8. Andre Ethier. A fan fave, this Phoenix-bred player got his start in, yes, community college. And when he took his bat to Arizona State, coaches told him he didn't have what it takes. He's a true underdog's hero. As an outfielder he's making more than $13 million a year but will eventually be bumped up to $18 mil under his contract. Baller bonus points: He's married to a former Arizona State gymnast. And he's half-Mexican, like all good ballplayers (Ted Williams!) and/or journalists.
7. Hanley Ramirez. This Dominican shortstop should get a raise. He's playing in the NLCS despite a hairline fracture in his eighth rib. His annual take for this 2006 National League Rookie of the Year is about $15 million these days. He was a National League All Star in 2008 and came to the Dodgers only two summers ago. Baller bonus: He DJs.
6. Michael Young. This infielder is a five-time All Star and, more importantly, a Southern California boy who went to high school in the San Gabriel Valley and attended college at UC Santa Barbara. His take home is about $16 million a year with $15 million deferred under his contract. Extra credit: He's also half-Mexican. Orale.
5. Josh Beckett.

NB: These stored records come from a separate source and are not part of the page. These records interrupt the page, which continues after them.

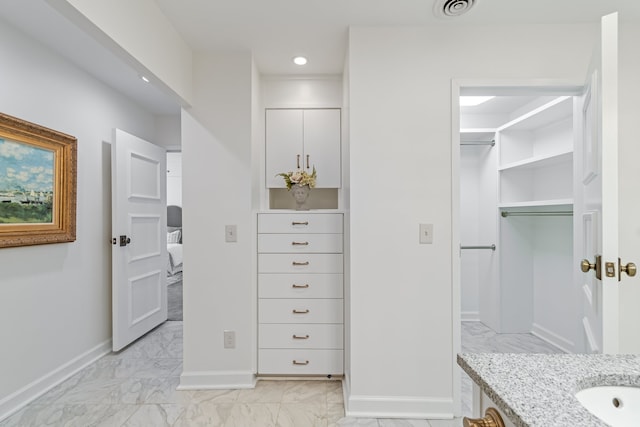 spacious closet featuring light tile floors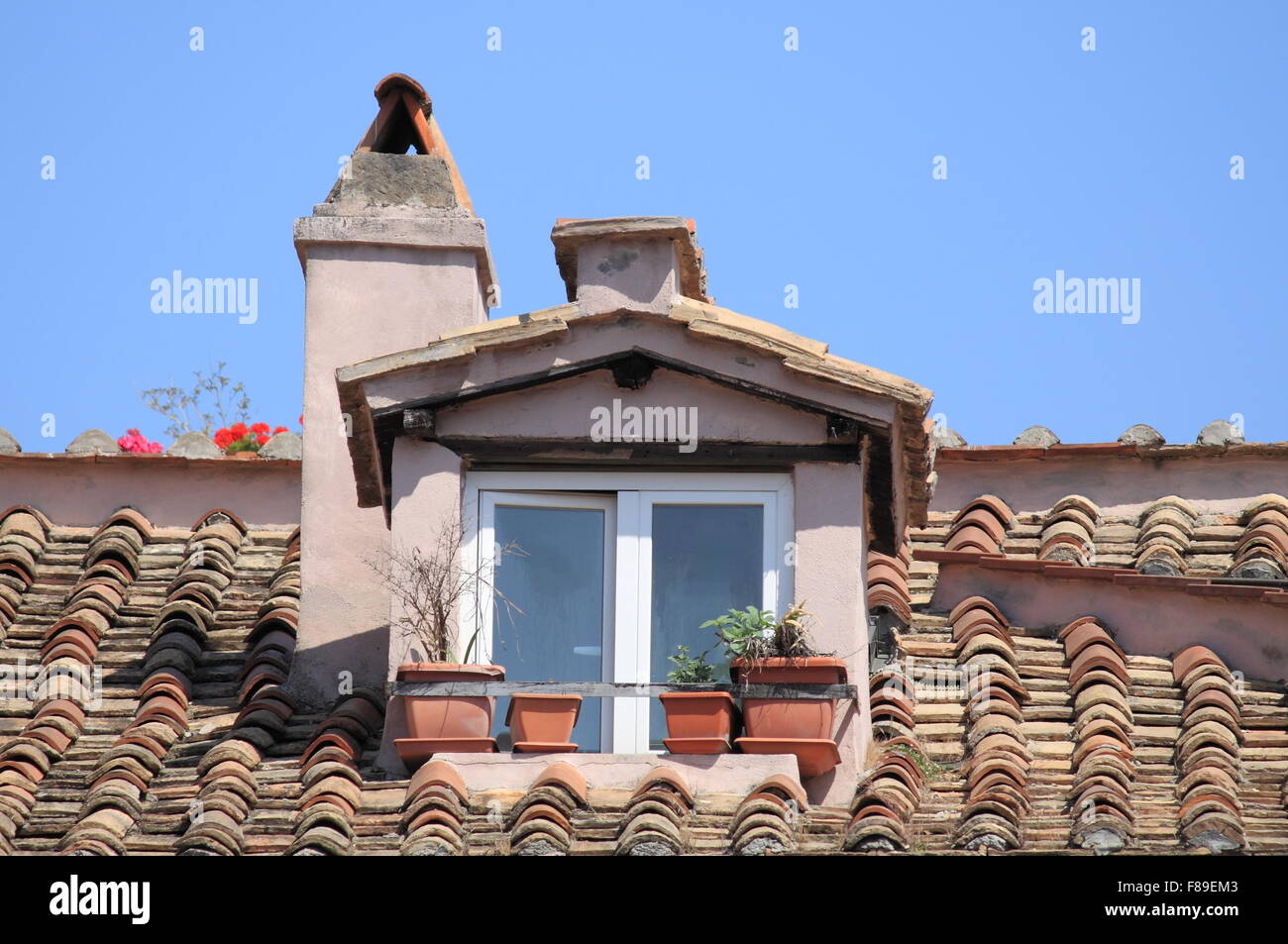 Mansard window in a old style roof Stock Photo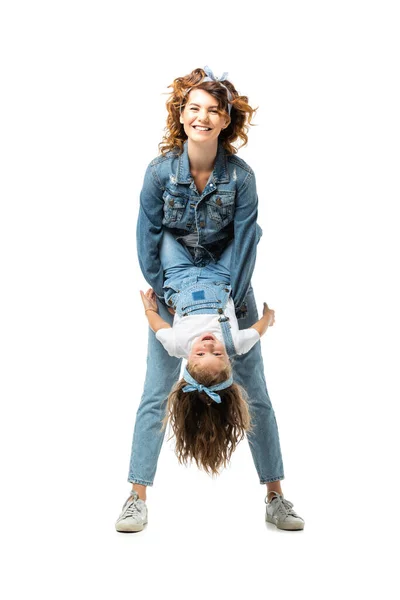 Мать и дочь в джинсовых нарядах веселятся изолированно на белом — стоковое фото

The Dodgers obtained this right-handed pitcher in a "blockbuster" trade with Boston that also sent Carl Crawford, Adrian Gonzalez and Nick Punto. What a deal? It wasn't cheap. Beckett is getting nearly $16 million a year. And the pitcher is out for the postseason with an injury that could be serious, as in career-ending serious.
4. Zack Greinke. Yes, another pitcher makes the list. Yay. Greinke pitched for those American League, O.C. losers down south, the Angels, so his inclusion as a top-paid Dodger is extra sweet. His take this year is said to be about $17 million, but it will balloon to $24 million next year, making him one of the highest-paid boys in blue. Extra baller credit: Greinke is married to a former Miss Daytona Beach.
3. Matt Kemp. This outfielder, another fan favorite, is not on the postseason roster as a result of injury. And he's yet another $20 million man. So you can see how this baseball business can add up. Kemp, who has spent his whole major league career with the Dodgers, gets extra baller credit for dating Rihanna a few years back.
2. Carl Crawford. This left-handed left fielder is making about $20 million a year. Worth it? He has hit more triples than anyone else in Major League Baseball. He's been a six-homer key player despite a hamstring injury this season, too.
And the Dodgers' richest player (according to salary) is ...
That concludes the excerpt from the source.